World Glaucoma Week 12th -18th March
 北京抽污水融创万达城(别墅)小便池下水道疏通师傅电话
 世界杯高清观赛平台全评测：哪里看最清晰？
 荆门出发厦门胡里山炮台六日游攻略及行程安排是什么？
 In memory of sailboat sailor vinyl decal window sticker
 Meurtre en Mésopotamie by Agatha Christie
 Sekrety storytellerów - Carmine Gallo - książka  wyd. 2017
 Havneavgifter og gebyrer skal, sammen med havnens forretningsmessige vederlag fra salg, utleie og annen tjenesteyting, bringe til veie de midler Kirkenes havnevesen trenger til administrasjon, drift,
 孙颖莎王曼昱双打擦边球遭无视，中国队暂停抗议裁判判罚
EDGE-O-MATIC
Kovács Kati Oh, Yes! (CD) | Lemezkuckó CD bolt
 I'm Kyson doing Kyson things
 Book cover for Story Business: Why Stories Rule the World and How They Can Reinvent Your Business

YOUR TASK
List every line above that holds the word "World".

TASK SOLUTION
World Glaucoma Week 12th -18th March
 Book cover for Story Business: Why Stories Rule the World and How They Can Reinvent Your Business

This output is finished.